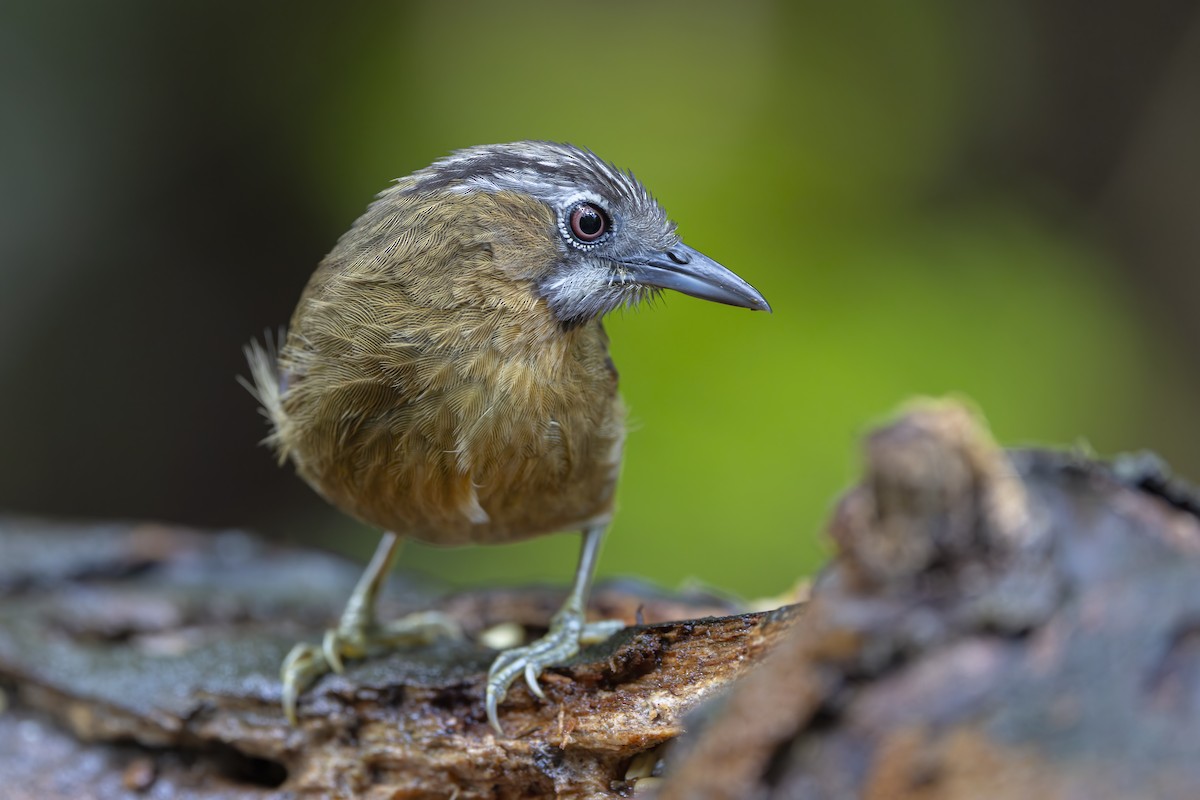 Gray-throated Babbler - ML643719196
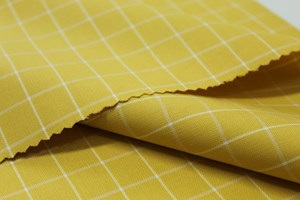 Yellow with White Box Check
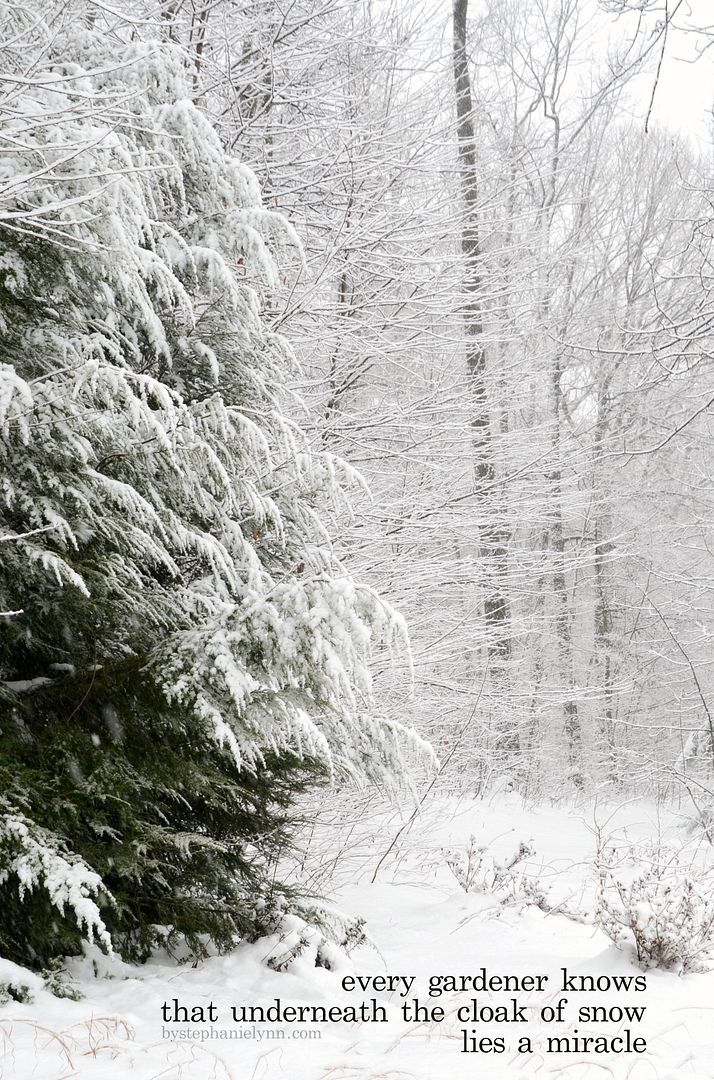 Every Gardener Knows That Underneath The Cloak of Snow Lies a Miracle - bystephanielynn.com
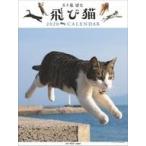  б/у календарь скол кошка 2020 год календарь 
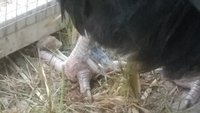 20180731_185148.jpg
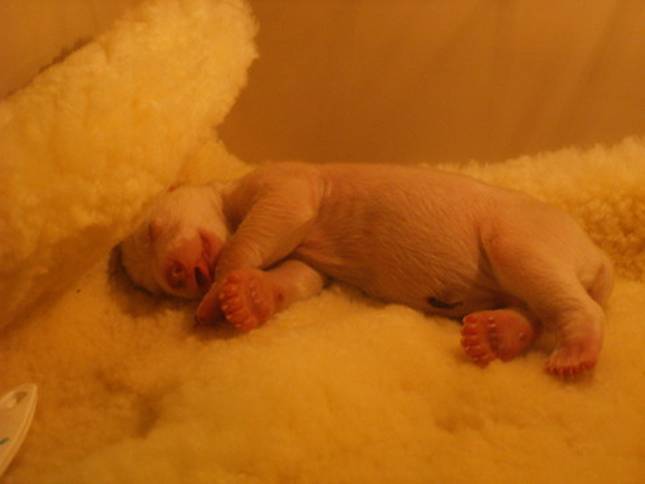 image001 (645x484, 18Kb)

= = = = =

*Task*. Beginning with the line that contains "Every Gardener Knows" and ending with the final line of the material, reproduce those lines exactly and nothing else. Omit the pictures.

*Solution to the exercise*.
 Every Gardener Knows That Underneath The Cloak of Snow Lies a Miracle - bystephanielynn.com
  б/у календарь скол кошка 2020 год календарь 
 20180731_185148.jpg
 image001 (645x484, 18Kb)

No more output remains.